» Action item:
Repeat word for word every line of the data below, from the first through the line containing "1 st Winter", and stop there.

━━ Records for the task

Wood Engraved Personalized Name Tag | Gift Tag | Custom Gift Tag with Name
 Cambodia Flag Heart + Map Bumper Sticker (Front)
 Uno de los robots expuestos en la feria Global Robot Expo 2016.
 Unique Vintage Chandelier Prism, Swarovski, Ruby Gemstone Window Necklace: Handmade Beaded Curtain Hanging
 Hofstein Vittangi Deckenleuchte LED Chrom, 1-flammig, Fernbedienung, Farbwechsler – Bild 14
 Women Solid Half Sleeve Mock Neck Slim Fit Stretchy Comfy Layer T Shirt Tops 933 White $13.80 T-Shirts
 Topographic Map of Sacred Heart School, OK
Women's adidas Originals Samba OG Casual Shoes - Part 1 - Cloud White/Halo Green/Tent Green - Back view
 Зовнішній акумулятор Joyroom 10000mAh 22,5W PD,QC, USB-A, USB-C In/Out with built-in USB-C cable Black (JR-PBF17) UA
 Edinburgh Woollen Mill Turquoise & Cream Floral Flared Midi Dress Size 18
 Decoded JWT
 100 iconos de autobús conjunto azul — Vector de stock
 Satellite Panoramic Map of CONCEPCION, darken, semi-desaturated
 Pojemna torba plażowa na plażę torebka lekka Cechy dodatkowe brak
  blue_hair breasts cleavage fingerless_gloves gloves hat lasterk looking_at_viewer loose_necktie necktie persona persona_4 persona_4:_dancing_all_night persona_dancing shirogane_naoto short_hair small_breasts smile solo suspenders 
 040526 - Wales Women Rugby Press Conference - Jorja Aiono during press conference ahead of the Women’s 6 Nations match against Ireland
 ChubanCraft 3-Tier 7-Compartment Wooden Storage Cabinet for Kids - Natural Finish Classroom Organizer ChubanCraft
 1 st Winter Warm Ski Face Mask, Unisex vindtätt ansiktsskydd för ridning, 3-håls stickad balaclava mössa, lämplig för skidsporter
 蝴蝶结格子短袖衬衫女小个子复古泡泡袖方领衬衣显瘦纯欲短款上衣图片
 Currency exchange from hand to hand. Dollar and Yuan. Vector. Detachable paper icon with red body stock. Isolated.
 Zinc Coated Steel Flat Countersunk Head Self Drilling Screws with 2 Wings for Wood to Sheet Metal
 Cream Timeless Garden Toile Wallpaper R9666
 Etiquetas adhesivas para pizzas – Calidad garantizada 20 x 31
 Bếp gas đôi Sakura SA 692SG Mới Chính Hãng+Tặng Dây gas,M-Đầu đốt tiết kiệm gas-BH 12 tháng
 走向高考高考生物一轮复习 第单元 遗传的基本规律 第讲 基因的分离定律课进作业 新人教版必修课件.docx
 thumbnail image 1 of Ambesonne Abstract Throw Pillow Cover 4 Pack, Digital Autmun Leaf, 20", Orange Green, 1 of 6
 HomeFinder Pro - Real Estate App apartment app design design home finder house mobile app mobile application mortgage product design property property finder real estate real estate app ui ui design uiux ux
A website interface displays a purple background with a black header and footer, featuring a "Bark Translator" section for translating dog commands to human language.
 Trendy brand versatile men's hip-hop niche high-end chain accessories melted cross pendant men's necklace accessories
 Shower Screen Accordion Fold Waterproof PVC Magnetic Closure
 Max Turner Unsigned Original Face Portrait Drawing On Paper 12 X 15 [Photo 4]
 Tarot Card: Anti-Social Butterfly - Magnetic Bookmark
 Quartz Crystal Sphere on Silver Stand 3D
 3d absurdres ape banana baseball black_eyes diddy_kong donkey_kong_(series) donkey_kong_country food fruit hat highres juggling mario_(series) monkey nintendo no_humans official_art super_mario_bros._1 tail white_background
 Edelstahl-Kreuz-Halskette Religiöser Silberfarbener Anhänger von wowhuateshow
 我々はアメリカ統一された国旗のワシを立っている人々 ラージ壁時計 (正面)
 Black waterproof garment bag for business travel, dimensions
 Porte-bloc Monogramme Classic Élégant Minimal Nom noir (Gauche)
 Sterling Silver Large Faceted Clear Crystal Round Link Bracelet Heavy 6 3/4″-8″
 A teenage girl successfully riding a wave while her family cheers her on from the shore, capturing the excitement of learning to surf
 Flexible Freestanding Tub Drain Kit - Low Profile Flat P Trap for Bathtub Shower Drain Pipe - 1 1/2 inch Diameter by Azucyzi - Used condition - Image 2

━━━━

» Answer section:
Wood Engraved Personalized Name Tag | Gift Tag | Custom Gift Tag with Name
 Cambodia Flag Heart + Map Bumper Sticker (Front)
 Uno de los robots expuestos en la feria Global Robot Expo 2016.
 Unique Vintage Chandelier Prism, Swarovski, Ruby Gemstone Window Necklace: Handmade Beaded Curtain Hanging
 Hofstein Vittangi Deckenleuchte LED Chrom, 1-flammig, Fernbedienung, Farbwechsler – Bild 14
 Women Solid Half Sleeve Mock Neck Slim Fit Stretchy Comfy Layer T Shirt Tops 933 White $13.80 T-Shirts
 Topographic Map of Sacred Heart School, OK
Women's adidas Originals Samba OG Casual Shoes - Part 1 - Cloud White/Halo Green/Tent Green - Back view
 Зовнішній акумулятор Joyroom 10000mAh 22,5W PD,QC, USB-A, USB-C In/Out with built-in USB-C cable Black (JR-PBF17) UA
 Edinburgh Woollen Mill Turquoise & Cream Floral Flared Midi Dress Size 18
 Decoded JWT
 100 iconos de autobús conjunto azul — Vector de stock
 Satellite Panoramic Map of CONCEPCION, darken, semi-desaturated
 Pojemna torba plażowa na plażę torebka lekka Cechy dodatkowe brak
  blue_hair breasts cleavage fingerless_gloves gloves hat lasterk looking_at_viewer loose_necktie necktie persona persona_4 persona_4:_dancing_all_night persona_dancing shirogane_naoto short_hair small_breasts smile solo suspenders 
 040526 - Wales Women Rugby Press Conference - Jorja Aiono during press conference ahead of the Women’s 6 Nations match against Ireland
 ChubanCraft 3-Tier 7-Compartment Wooden Storage Cabinet for Kids - Natural Finish Classroom Organizer ChubanCraft
 1 st Winter Warm Ski Face Mask, Unisex vindtätt ansiktsskydd för ridning, 3-håls stickad balaclava mössa, lämplig för skidsporter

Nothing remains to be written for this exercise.